The Lord said to Moses, "Go down at once! Your people, whom you brought up out of the land of Egypt, have acted perversely; they have been quick to turn aside from the way that I commanded them; they have cast for themselves an image of a calf, and have worshiped it and sacrificed to it, and said, `These are your gods, O Israel, who brought you up out of the land of Egypt!'" The Lord said to Moses, "I have seen this people, how stiff-necked they are. Now let me alone, so that my wrath may burn hot against them and I may consume them; and of you I will make a great nation."

But Moses implored the Lord his God, and said, "O Lord, why does your wrath burn hot against your people, whom you brought out of the land of Egypt with great power and with a mighty hand?

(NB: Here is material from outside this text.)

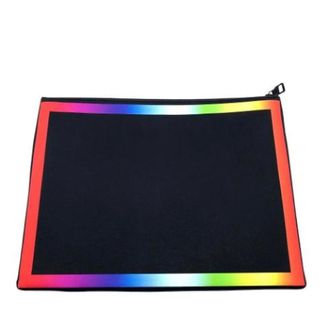 Louis Vuitton Pre-owned Taiga Leather Clutch Bag - unisex - Louis Vuitton Vintage - Vintage Bags - Black - ONE SIZE - Pre-owned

Why should the Egyptians say, `It was with evil intent that he brought them out to kill them in the mountains, and to consume them from the face of the earth'? Turn from your fierce wrath; change your mind and do not bring disaster on your people.

Remember Abraham, Isaac, and Israel, your servants, how you swore to them by your own self, saying to them, `I will multiply your descendants like the stars of heaven, and all this land that I have promised I will give to your descendants, and they shall inherit it forever.'" And the Lord changed his mind about the disaster that he planned to bring on his people.

Luke 15:1-10

All the tax collectors and sinners were coming near to listen to Jesus. And the Pharisees and the scribes were grumbling and saying, "This fellow welcomes sinners and eats with them."

So he told them this parable: "Which one of you, having a hundred sheep and losing one of them, does not leave the ninety-nine in the wilderness and go after the one that is lost until he finds it? When he has found it, he lays it on his shoulders and rejoices. And when he comes home, he calls together his friends and neighbors, saying to them, `Rejoice with me, for I have found my sheep that was lost.' Just so, I tell you, there will be more joy in heaven over one sinner who repents than over ninety-nine righteous persons who need no repentance.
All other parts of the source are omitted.